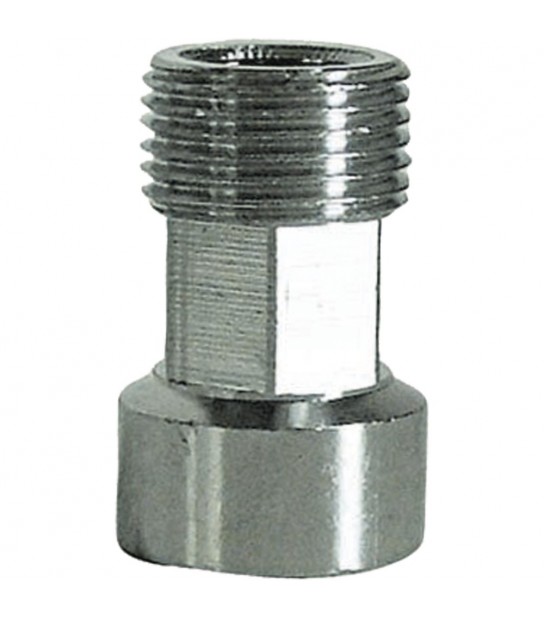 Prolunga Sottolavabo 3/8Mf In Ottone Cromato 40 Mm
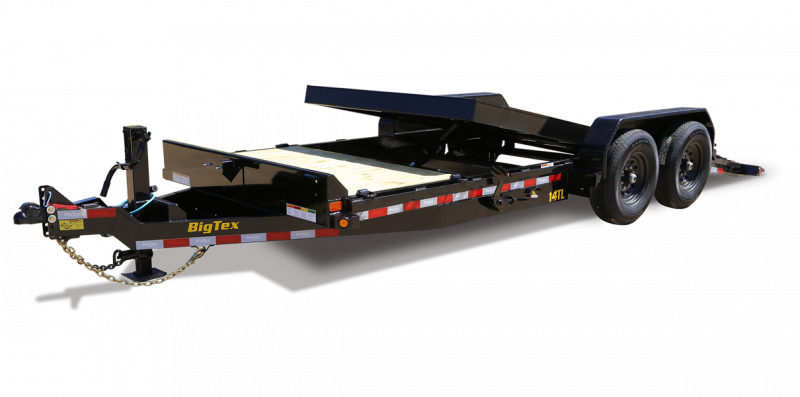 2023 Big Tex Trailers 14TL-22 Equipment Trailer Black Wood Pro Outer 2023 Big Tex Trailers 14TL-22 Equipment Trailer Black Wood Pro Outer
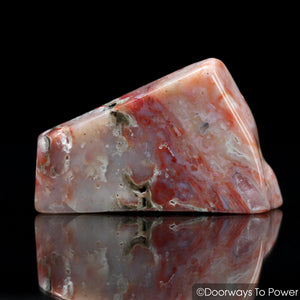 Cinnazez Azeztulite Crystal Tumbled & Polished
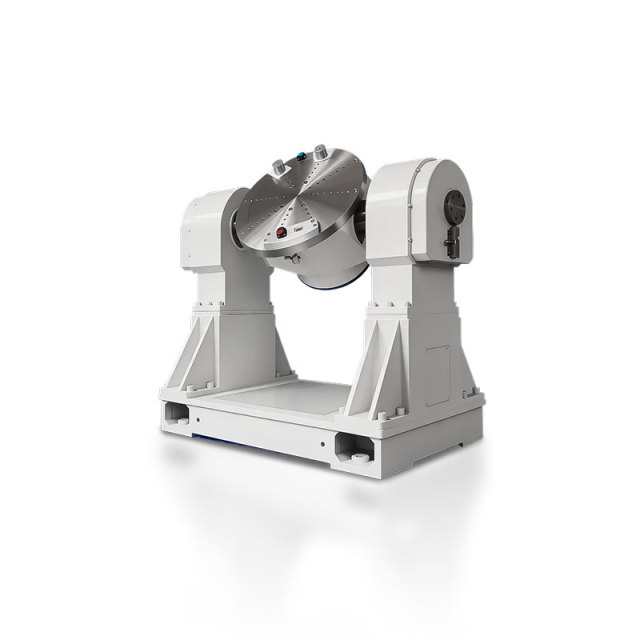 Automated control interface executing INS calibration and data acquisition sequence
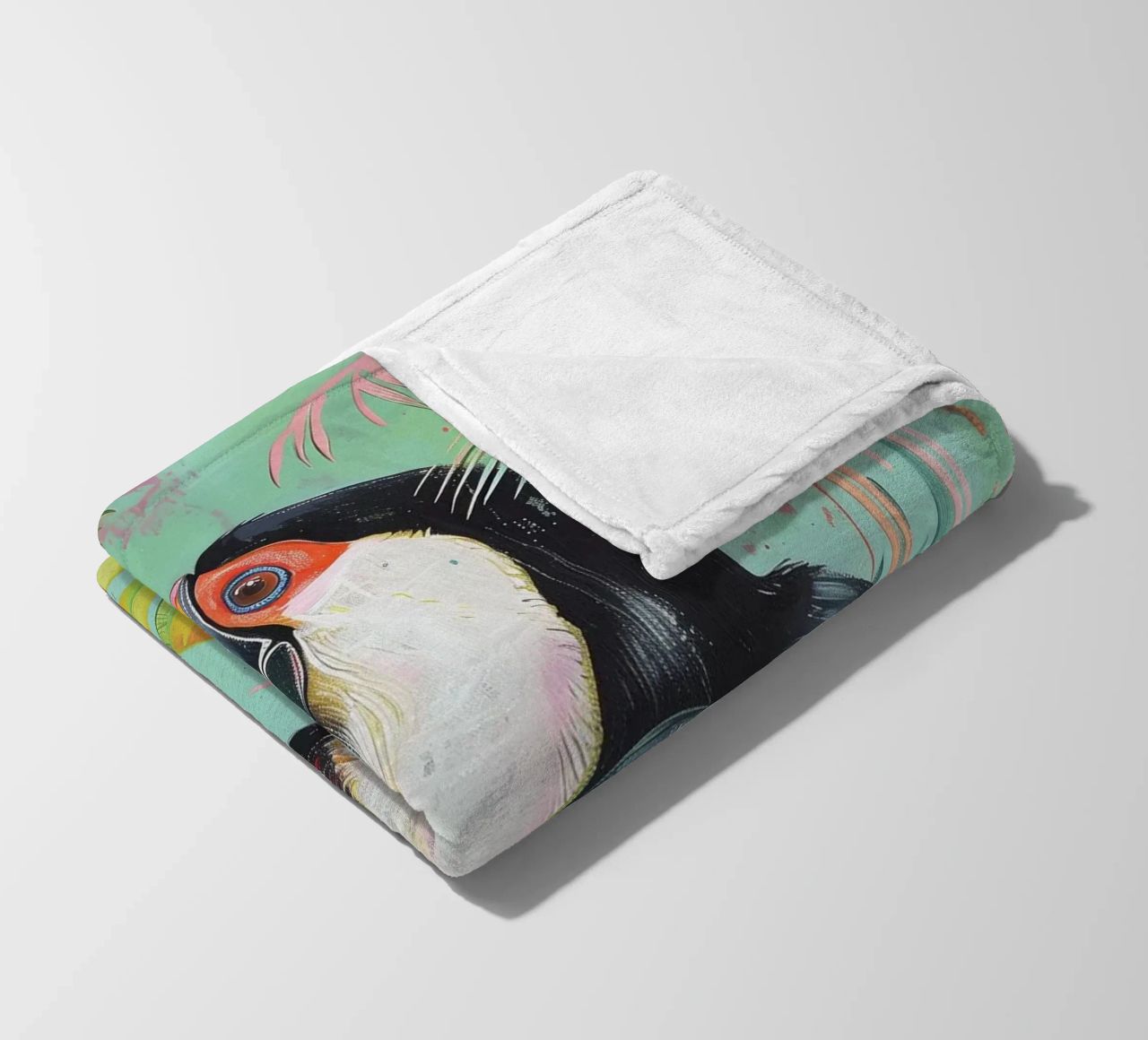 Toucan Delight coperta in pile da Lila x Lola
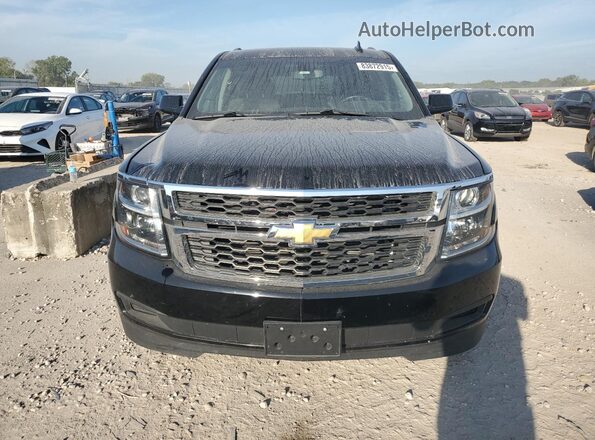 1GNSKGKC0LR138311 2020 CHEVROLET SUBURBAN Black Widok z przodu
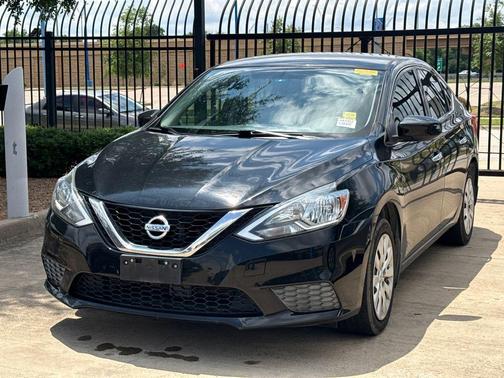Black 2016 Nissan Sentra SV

---

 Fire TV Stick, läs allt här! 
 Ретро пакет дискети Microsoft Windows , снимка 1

Assigned task:
Look above for the line containing "Prolunga Sottolavabo 3/8Mf" and the line containing "Toucan Delight coperta", then reproduce both and everything between them exactly, pictures omitted.

Task solution:
 Prolunga Sottolavabo 3/8Mf In Ottone Cromato 40 Mm
 2023 Big Tex Trailers 14TL-22 Equipment Trailer Black Wood Pro Outer 2023 Big Tex Trailers 14TL-22 Equipment Trailer Black Wood Pro Outer
 Cinnazez Azeztulite Crystal Tumbled & Polished
 Automated control interface executing INS calibration and data acquisition sequence
 Toucan Delight coperta in pile da Lila x Lola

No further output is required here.